BEGIN Material provided

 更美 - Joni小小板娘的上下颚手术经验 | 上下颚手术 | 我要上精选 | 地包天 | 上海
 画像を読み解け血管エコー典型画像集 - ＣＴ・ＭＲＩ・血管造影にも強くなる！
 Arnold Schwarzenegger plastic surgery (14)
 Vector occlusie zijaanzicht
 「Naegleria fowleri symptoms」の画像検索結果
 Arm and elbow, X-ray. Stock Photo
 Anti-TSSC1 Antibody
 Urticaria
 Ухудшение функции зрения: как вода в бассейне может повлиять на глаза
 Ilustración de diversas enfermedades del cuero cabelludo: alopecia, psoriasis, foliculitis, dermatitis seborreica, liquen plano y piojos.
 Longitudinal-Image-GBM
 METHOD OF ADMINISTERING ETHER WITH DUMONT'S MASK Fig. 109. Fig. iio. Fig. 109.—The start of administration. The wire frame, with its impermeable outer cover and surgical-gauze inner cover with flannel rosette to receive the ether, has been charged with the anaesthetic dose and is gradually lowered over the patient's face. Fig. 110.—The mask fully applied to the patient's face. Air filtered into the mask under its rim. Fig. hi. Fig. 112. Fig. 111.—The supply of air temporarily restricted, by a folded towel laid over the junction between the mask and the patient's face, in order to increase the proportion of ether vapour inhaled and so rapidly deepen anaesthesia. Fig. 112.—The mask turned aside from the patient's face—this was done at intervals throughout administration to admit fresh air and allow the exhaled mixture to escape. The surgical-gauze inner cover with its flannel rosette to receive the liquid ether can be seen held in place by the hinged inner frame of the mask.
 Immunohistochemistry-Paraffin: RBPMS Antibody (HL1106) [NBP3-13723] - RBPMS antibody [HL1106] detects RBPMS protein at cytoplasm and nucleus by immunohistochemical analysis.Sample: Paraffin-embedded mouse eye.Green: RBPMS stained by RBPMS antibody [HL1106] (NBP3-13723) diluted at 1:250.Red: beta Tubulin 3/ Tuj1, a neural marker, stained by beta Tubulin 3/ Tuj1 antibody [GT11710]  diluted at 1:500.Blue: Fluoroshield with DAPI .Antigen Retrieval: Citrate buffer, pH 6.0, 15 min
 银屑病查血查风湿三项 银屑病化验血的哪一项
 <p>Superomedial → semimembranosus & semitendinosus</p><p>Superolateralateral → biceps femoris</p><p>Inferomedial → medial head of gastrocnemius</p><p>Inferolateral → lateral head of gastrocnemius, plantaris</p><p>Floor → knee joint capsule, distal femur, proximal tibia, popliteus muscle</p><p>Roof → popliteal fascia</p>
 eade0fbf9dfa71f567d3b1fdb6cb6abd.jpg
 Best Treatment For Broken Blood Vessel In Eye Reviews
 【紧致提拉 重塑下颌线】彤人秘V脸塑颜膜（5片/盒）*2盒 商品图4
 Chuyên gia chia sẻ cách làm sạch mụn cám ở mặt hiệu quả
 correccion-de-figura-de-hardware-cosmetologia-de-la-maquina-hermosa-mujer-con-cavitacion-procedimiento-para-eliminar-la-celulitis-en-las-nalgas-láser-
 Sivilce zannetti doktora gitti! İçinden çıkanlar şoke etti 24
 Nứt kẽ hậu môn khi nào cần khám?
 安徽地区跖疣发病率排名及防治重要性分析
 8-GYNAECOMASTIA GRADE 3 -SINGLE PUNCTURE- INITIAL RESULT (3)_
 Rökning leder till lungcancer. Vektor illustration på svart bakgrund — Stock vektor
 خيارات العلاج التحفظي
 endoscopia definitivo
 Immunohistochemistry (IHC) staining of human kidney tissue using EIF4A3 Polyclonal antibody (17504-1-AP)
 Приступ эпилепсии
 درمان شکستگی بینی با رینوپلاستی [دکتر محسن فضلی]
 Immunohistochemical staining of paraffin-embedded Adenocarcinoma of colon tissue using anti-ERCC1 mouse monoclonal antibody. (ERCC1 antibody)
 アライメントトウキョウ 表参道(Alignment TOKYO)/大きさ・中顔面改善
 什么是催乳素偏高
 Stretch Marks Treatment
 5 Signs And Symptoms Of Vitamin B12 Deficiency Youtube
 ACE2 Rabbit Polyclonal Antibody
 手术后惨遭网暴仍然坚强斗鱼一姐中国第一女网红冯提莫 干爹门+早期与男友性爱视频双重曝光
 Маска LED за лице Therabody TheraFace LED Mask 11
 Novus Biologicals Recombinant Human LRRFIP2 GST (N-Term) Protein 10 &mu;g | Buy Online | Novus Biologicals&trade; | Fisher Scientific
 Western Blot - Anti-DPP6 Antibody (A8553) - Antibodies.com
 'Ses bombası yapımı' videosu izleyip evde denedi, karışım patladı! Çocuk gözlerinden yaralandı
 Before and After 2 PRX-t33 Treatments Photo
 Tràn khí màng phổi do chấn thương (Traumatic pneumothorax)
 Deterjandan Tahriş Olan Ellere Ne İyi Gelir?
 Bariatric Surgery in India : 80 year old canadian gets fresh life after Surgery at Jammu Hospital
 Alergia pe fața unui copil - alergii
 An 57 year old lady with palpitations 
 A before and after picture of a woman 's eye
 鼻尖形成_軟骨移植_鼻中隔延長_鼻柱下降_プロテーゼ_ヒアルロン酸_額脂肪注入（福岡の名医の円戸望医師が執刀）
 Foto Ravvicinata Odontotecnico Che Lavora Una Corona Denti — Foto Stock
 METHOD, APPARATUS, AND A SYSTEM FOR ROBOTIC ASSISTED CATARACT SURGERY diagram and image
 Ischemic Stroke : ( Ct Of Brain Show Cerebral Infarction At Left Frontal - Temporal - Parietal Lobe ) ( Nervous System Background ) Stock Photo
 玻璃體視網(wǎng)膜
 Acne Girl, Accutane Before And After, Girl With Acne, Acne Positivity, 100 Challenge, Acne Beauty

END Material provided

Copy out the entries exactly. Begin at the first line and end with the line that has "Longitudinal-Image-GBM".

• Expected answer:
 更美 - Joni小小板娘的上下颚手术经验 | 上下颚手术 | 我要上精选 | 地包天 | 上海
 画像を読み解け血管エコー典型画像集 - ＣＴ・ＭＲＩ・血管造影にも強くなる！
 Arnold Schwarzenegger plastic surgery (14)
 Vector occlusie zijaanzicht
 「Naegleria fowleri symptoms」の画像検索結果
 Arm and elbow, X-ray. Stock Photo
 Anti-TSSC1 Antibody
 Urticaria
 Ухудшение функции зрения: как вода в бассейне может повлиять на глаза
 Ilustración de diversas enfermedades del cuero cabelludo: alopecia, psoriasis, foliculitis, dermatitis seborreica, liquen plano y piojos.
 Longitudinal-Image-GBM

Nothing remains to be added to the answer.